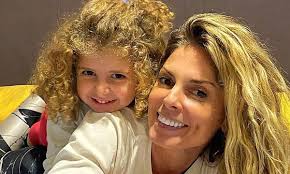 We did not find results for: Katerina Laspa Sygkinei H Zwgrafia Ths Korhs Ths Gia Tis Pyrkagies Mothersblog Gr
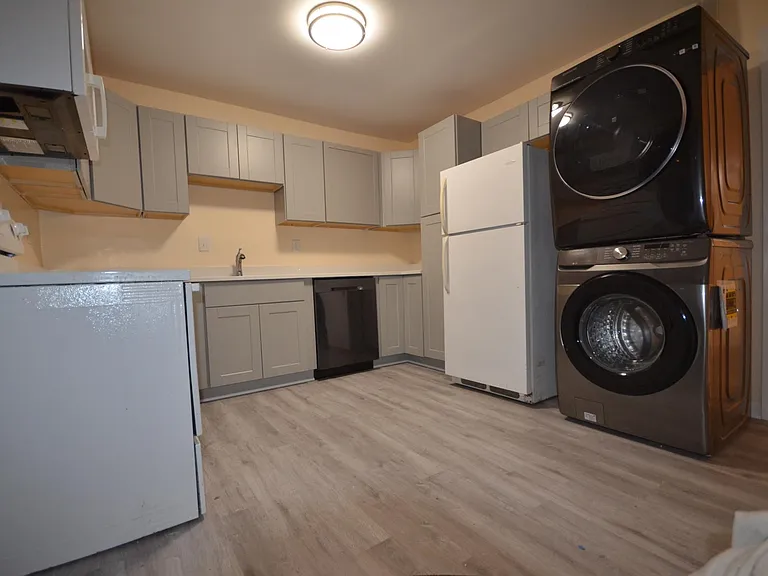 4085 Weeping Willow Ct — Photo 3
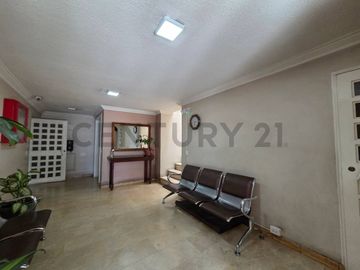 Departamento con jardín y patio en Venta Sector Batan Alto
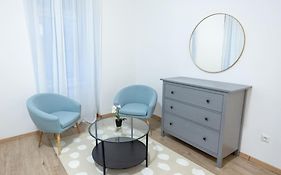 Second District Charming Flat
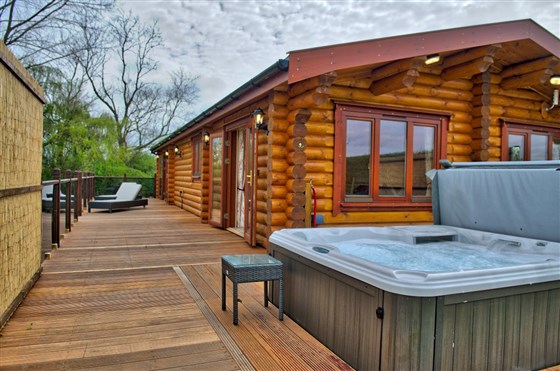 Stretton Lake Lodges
------------------------------------------------------------------------
* PROBLEM:
All of the entries above need to be transcribed exactly, except for the pictures.

* WRITTEN RESPONSE:
 We did not find results for: Katerina Laspa Sygkinei H Zwgrafia Ths Korhs Ths Gia Tis Pyrkagies Mothersblog Gr
 4085 Weeping Willow Ct — Photo 3
 Departamento con jardín y patio en Venta Sector Batan Alto
 Second District Charming Flat
 Stretton Lake Lodges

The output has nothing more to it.